A venda das estatais, segundo o governo, serviria para atrair dólares, reduzindo a dívida do Brasil com o resto do mundo – e “salvando” o real. E o dinheiro arrecadado com a venda serviria ainda, segundo o governo, para reduzir também a dívida interna, isto é, aqui dentro do país, do governo federal e dos estados. Aconteceu o contrário: as vendas foram um “negócio da China” e o governo “engoliu” dívidas de todos os tipos das estatais vendidas; isto é, a privatização acabou por aumentar a dívida interna. Ao mesmo tempo, as empresas multinacionais ou brasileiras que “compraram” as estatais não usaram capital próprio, dinheiro delas mesmas, mas, em vez disso, tomaram empréstimos lá fora para fechar os negócios. Assim, aumentaram a dívida externa do Brasil. É o que se pode demonstrar, na ponta do lápis, neste “balanço” das privatizações brasileiras, aceleradas a partir do governo Fernando Henrique Cardoso.

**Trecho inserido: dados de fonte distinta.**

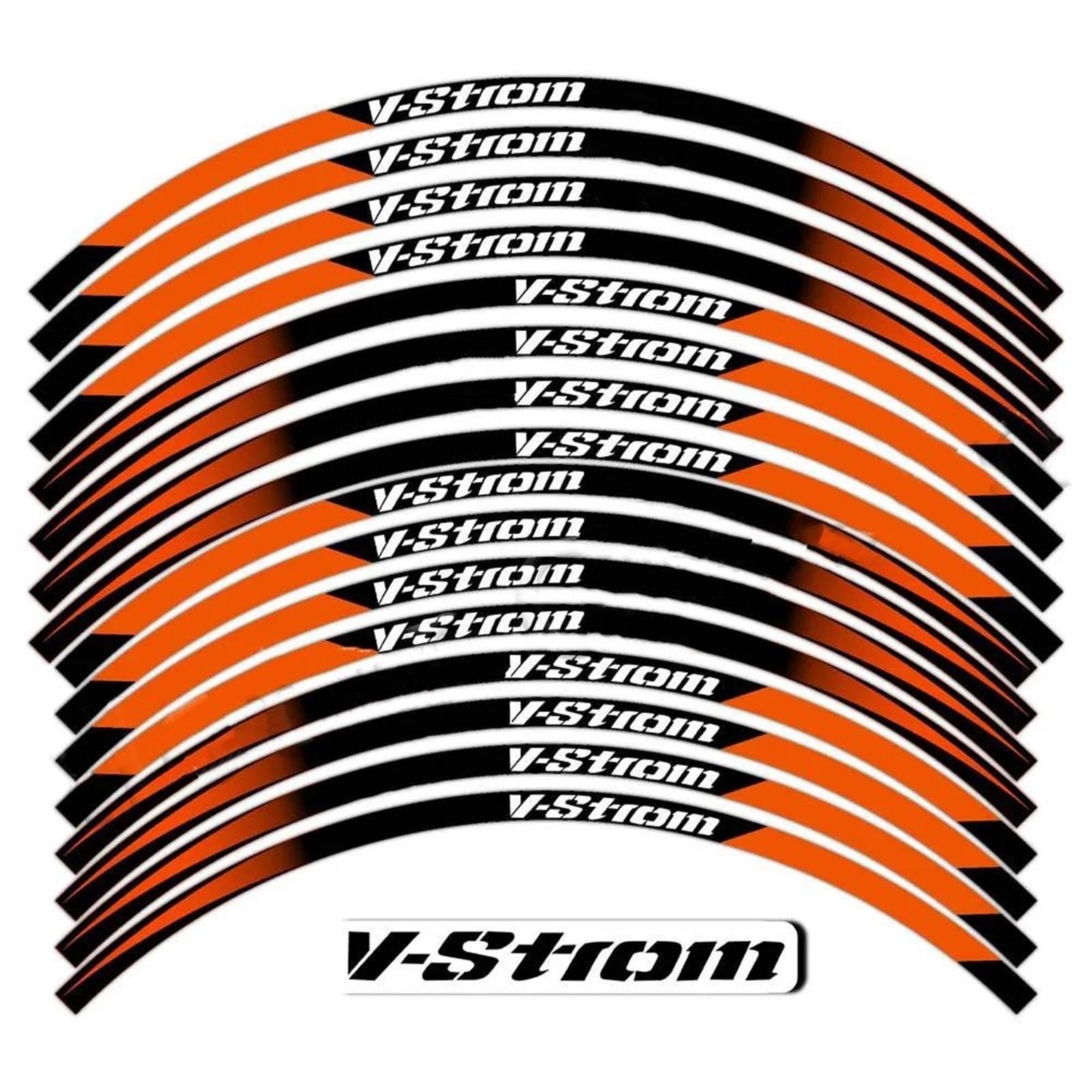 Motorcycle Wheel Sticker Rim Decal Hub Stripe Tape for Suzuki for V-Strom DL250 DL1000 DL1050 DL650/1050XT(Orange)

Na surdina, governo garantiu tarifas altas
Houve uma intensa campanha contra as estatais nos meios de comunicação, verdadeira “lavagem cerebral” da população para facilitar as privatizações. Entre os principais argumentos, apareceu sempre a promessa de que elas trariam preços mais baixos para o consumidor, “graças à maior eficiência das empresas privadas”.

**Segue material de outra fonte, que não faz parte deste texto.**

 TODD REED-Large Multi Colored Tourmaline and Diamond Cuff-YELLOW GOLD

A promessa era pura enganação. No caso dos serviços telefônicos e de energia elétrica, o projeto de governo sempre foi fazer exatamente o contrário, por baixo do pano, ou na surdina.
Como assim? Antes de mais nada, é preciso relembrar um detalhe importante: antes das privatizações, o governo já havia começado a aumentar as tarifas alucinadamente, para assim garantir imensos lucros no futuro aos “compradores” – e sem que eles tivessem de enfrentar o risco de protestos e indignação do consumidor. Para as telefônicas, reajustes de até 500% a partir de novembro de 1995 e, para as fornecedoras de energia elétrica, aumentos de 150% – ou ainda maiores para as famílias de trabalhadores que ganham menos, vítimas de mudanças na política de cobrança de tarifas menores (por quilowatt gasto) nas contas de consumo mais baixo. Tudo isso aconteceu como “preparativo” para as privatizações, antes dos leilões.

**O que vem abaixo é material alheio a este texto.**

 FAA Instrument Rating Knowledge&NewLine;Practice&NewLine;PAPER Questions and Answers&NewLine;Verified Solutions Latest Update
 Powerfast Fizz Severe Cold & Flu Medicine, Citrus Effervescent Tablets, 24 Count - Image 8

Mas o importante, que sempre foi escondido da população, é que, em lugar de assinar contratos que obrigassem a Light e outros “compradores” a reduzir gradualmente as tarifas – como foi obrigatório em outros países –, o governo garantiu que eles teriam direito, no mínimo, a aumentar as tarifas todos os anos, de acordo com a inflação. Isto é, o governo fez exatamente o contrário do que jornais, revistas e TVs diziam ao povo brasileiro, que acreditou em suas mentiras o tempo todo. Além dessa garantia de reajustes anuais de acordo com a inflação, os “compradores” das empresas de energia podem também aumentar preços se houver algum “imprevisto” – como é o caso da maxidesvalorização do real ocorrida no começo de 1999...
E os preços cobrados pelas “compradoras” das telefônicas? Para elas, apesar dos mega-aumentos ocorridos antes da privatização, a obrigatoriedade de reduzir as tarifas dos serviços locais – os mais usados pela população, sobretudo pelo “povão” – somente começa a partir do ano... 2001. Ou seja, o governo, na surdina, combinou que as tarifas não deveriam cair em 1998, 1999 e 2000. E tem mais: para esses mesmos serviços locais, a queda máxima “combinada” é de 4,9% no total. Quando? Até 2005. Sete anos depois da privatização, o consumidor só terá 4,9% de redução acumulada.
Bem ao contrário do que o governo e os meios de comunicação afirmaram.
Qualidade dos serviços, outra mentira
O governo enganou a sociedade, também, com o anúncio de rápida melhoria na qualidade dos serviços e a promessa de punição para os “compradores” das estatais que não atingissem as metas definidas nos contratos. Utilizando como exemplos, ainda, os setores de energia e telefonia, pode-se comprovar essas mentiras. O governo e os meios de comunicação sempre esconderam que as metas estabelecidas para os “compradores” das telefônicas somente passariam a valer a partir de... dezembro de 1999. Isto é, na prática, os “compradores” poderiam deixar de atender os consumidores, ou não melhorar substancialmente os serviços, durante todo o segundo semestre de 1998 e o ano inteiro de 1999. Por quê?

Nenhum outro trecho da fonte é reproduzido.